Querido diario (69)

© Ilustración: ELSA.
© Ilustración: ELSA.

El autor rememora en esta nueva entrega de sus diarios, escrita el día de Navidad, la presentación de su segundo libro, «Ciudad de Sombra», el pasado 16 de diciembre en el Museo de León. Y concluye: «Así ha sido la puesta de largo del nuevo crío. Me ha faltado la ilusión del primero, esa tensión o nerviosismo que creo que sirven para alimentar algo. Estoy también un poco fagocitado por el medio ambiente, la inquietud reinante, la deriva de los continentes, las elecciones generales…»

Por AVELINO FIERRO

El 16 de diciembre, miércoles, teníamos que presentar Ciudad de sombra en el Museo.

En la naturaleza no había calma, sino inestabilidad. Y se nos mostraba distante. Los días anteriores fueron de muy diverso pelaje: plomizos, furtivos, absortos, malintencionados… Yo trataba de escudriñar desde mi ventana el tiempo y no sentía la inmediatez ni la cercanía de otras ocasiones, no hallaba en él ninguna confidencia, no podía desentrañar nada, ir más allá del caparazón de esa realidad.

Los días iban y venían, giraban o se adormecían; sí, a veces quedaban como dormidos, descansando o cogiendo un poco de aire, quizá algo sorprendidos del frenesí de verse tan embarullados, porque estuvieron por aquí los de los amaneceres incendiando de rojo las nubes malheridas, hechas luego jirones de niebla; los de las heladas que dejaban cristales en las ramas ya sin frutos del otoño; los del cielo gris que aplastaba con su losa las horas de las calles vacías; los escarchados que hacían brillar las últimas telarañas; otros que incluso dejaron destiladas gotas de lluvia negra, y los que exhalaron un vaho de azúcar… Yo los vi pasar en varios amaneceres, igual que los sintieron los tejados, las palomas y los humildes gorriones. Hasta la nieve remisa llegó para posar con desgana unas gotas de silencio amoratado.

Quería estar atento a ellos, a esa variedad de luces, pero nada parecía fijarse a mi piel ni componer para mí una escena suave, el triste bodegón de un día gris, casi de invierno (como el del poema de Larbaud); algo parecido a esa señal, aroma, destello o melodía, que deja otras veces el paso del tiempo, tiznando las horas. Algo a lo que te te apegas para sentirte seguro.

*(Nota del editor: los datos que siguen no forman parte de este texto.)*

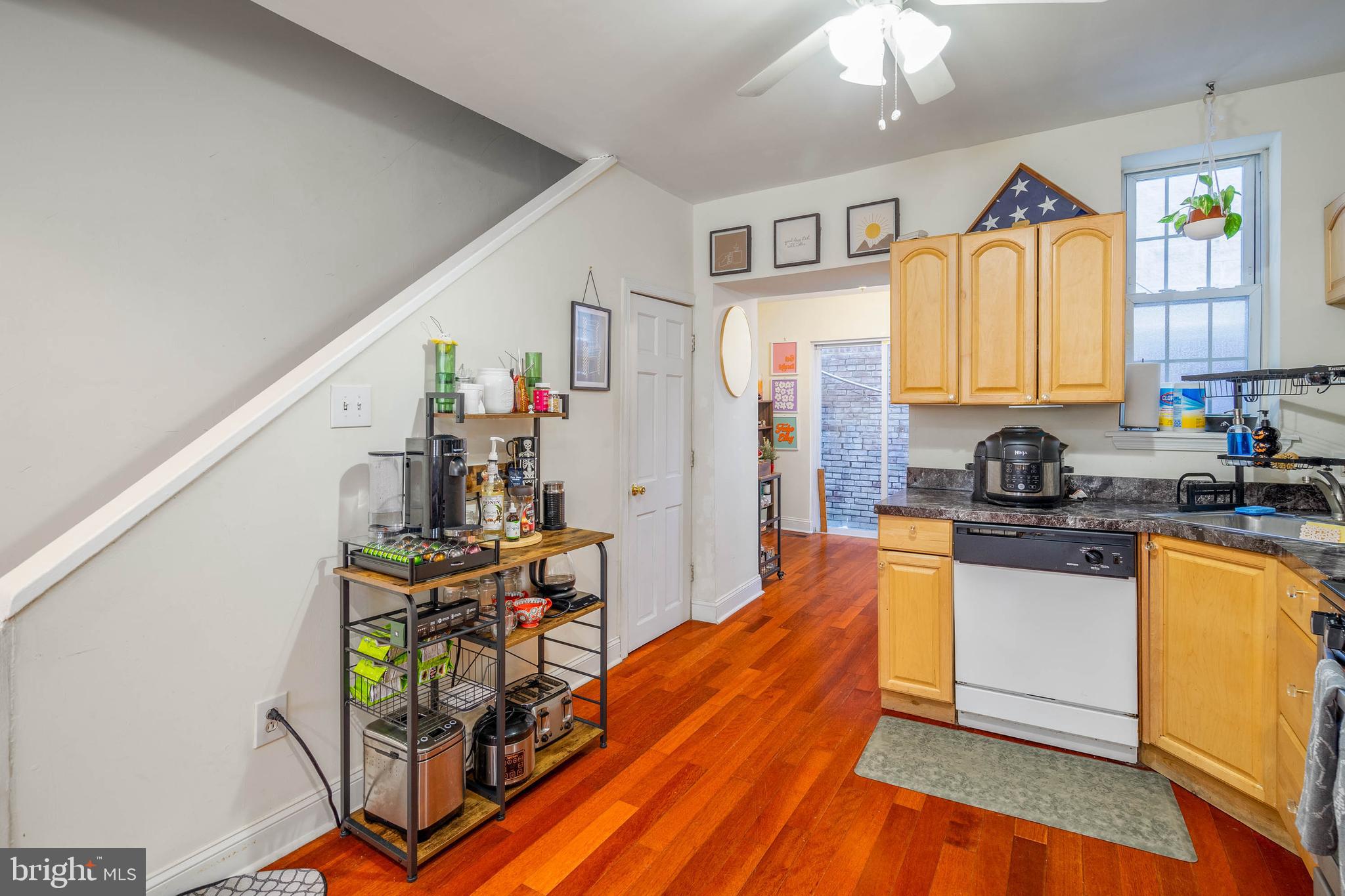 1038 S BOUVIER STREET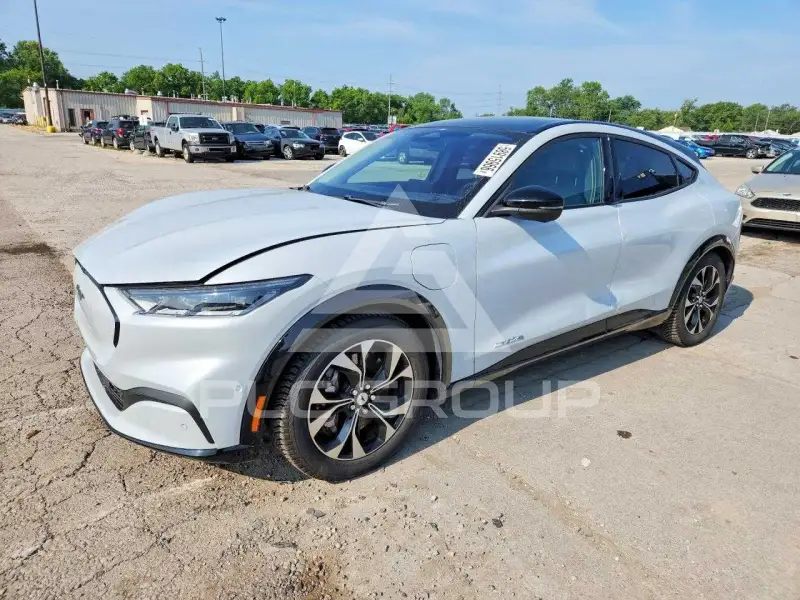 2021 Ford MUSTANG photo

Puede que estuviera atrapado por muchas rutinas y quizá no reposé la mirada ni el pensamiento, buscando en las horas compañía y calma. Quizá no desplegué antenas ni dispuse cepos a la caza de esas brumas o ecos, no me comporté a la manera de un agente secreto de la percepción, como dice Steiner de los poetas. Ahora recuerdo que una buena amiga me dijo que en esos días yo me abstraía con frecuencia, parecía girar sobre mí mismo.

A pesar de ello, la inercia me llevaba a describir una órbita determinada e ir cumpliendo con obligaciones, que era como dejar mugas en el aire: llevar a enmarcar los dibujos del libro –pues se iban a exponer en esos días–, hablar con Alberto y Avello para que me acompañasen en la presentación, escribir unas líneas para ella. Pero todo entraba en mí y se iba sin trazar nada en el mapa de la vida, como esos días que, digo, nacían y acababan con tan poca consistencia. Rodeado por el mundo sin estar en él, así vivía yo esas jornadas.

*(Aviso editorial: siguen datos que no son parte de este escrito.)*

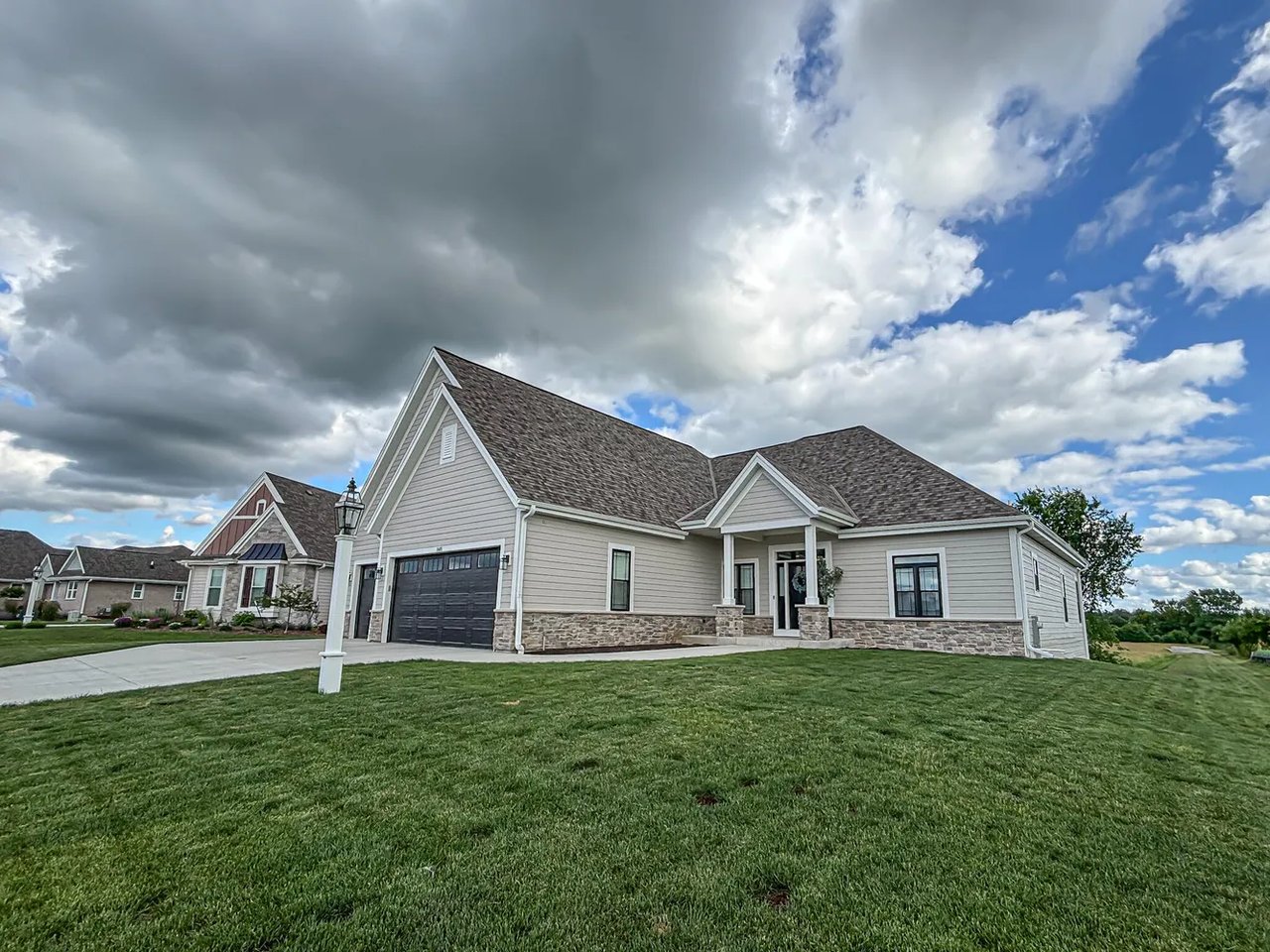 1601 Sauk Trl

Llegó el momento de la presentación y creo que seguía emperrado en mi voluntad de ausencia. Pensé varias veces que estaba bastante menos ilusionado que con el primer libro y aquella podía ser la causa. Cierto que a veces me comporto como un niño chico, y pasado el alborozo de lo nuevo, de la sorpresa, todo se apaga un poco, cede o se amortigua su fulgor. Si uno se tuviera por escritor puede que la actitud fuera otra. Pues así estaba yo, en ese estado de “esto no va demasiado conmigo, pero habrá que pasar el trago. Ah, qué pereza…”. Un estado o sensación que era de desidia sazonada con unas gotas de calma. Como dice Renzi en los diarios que esos días comencé a leer, una calma con ausencia de pensamiento (dice: no pensar para poder escribir o, mejor, escribir para lograr pensamientos no del todo pensados que definen siempre el estilo de un escritor).

Había redactado de corrido, y refiriendo cosas antiguas, cuatro folios para el momento. Tomé antes un par de cervezas. Y juro que estaba tranquilo.

La sala del Museo era espaciosa y todas las sillas estaban ocupadas. Algunos había en pie. Detrás de nosotros estaba proyectada una filmina con la portada del libro, que de vez en cuando se apagaba. No teníamos micrófono, pero la acústica dejaba oír incluso a Alberto, que fue el primero en hablar, y tiene una dicción como si hubiera aprendido esas maneras en el seminario. La gente asistía al oficio en silencio.

De lo que dijo –como que en las novelas estaba todo y le importaban bien poco los diarios– copio aquí este fragmento, en el que los asistentes y yo aparecemos como figurantes y salimos bien parados.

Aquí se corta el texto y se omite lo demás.